Personally, I’ll spend a lot of time trying to meet new individuals, hear their stories, trying to grow opportunities for the agency. I’ve gotten better at this over the years, but don’t forget about the people that are helping you be sustainable on an ongoing basis and taking the time to sit with them and hear what’s going on.
Sure, I might’ve worked with this one company for 15 years, but they’re with you for 15 years for a reason. Don’t forget about this. Continue to put the same amount of effort into the ones that are helping you continue to be a business instead of always focusing on what’s down the road tomorrow.
ROB: Sure. That could be such a tremendous challenge, because you’re out there trying to bring in new business, but sometimes you end up overeating a little bit. It’s really hard to digest that business while also continuing to build new business. It’s a heck of a tension.
DAN: That’s why you need to have people that you trust on staff. That’s a model that we’ve really worked on over the last 5-8 years. The client relationship people that we have in place have the freedom to be able to create tight relationships without the owners having to be so involved on a day to day basis.
When we were starting this agency up, we really did need to be involved constantly, and obviously we wanted to get out of that model. We were able to get out of it, like I said, about 5-8 years ago. We really took a step back. Have trust in the individuals that are working with you to help grow the company, that are helping to create their own path. Give them the autonomy to be able to create their own world with these clients.
Yeah, we’re still involved as owners with almost every client that we work with, but not to the level that we were 10 years ago. That’s helped us continue to grow bonds with the people that we’re working with and given us more opportunities to create the new relationships on the biz dev side.
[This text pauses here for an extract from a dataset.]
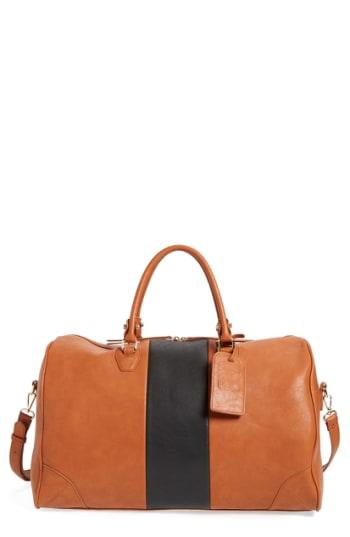 Sole Society 'robin' Faux Leather Weekend Bag -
ROB: Dan, talk a little bit about which channels you’re involved in, which channels you’re not involved in as an agency, and where you’ve made decisions to say “yes” or to say “no” to different types of business.
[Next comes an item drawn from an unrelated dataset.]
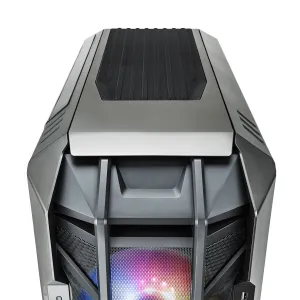 Кутия CM HAF 700 Mesh Black ARGB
DAN: What we’ve done is taken a strategic approach on what we focus on and what we really feel like we can do well. We used to do web development internally, but we just didn’t ever really get a handle on it. So we decided to form strategic relationships and partners with people that do that on a day to day basis. We do that with search engine marketing, too. We have formed relationships for that to be able to bring in best of breed or people that we trust, that can provide quality work to our clients.
Again, we’re a smaller agency. Let’s focus on what we really enjoy and what we feel like we really do well, which is developing sound strategies that solve the issues that our client relationships have. We’ll bring in trusted resources when needed.
Internally, we do strategy really well, and we would rather focus on the results of a strategy that we provide instead of just – there’s some advertising awards out there that are based on just how good the ad looks, not the results. We want to be a proof and performance agency. That’s what we really want to be able to provide to our clients.
Everybody should be able to create a pretty ad for you. Any ad agency should be able to do that. It all comes back to providing a strong strategy and strong brand development. But internally, we do all the ad development, we do the media placement and recommendations, we do content development. We do a lot of videos, both digitally and we do TV ads, radio.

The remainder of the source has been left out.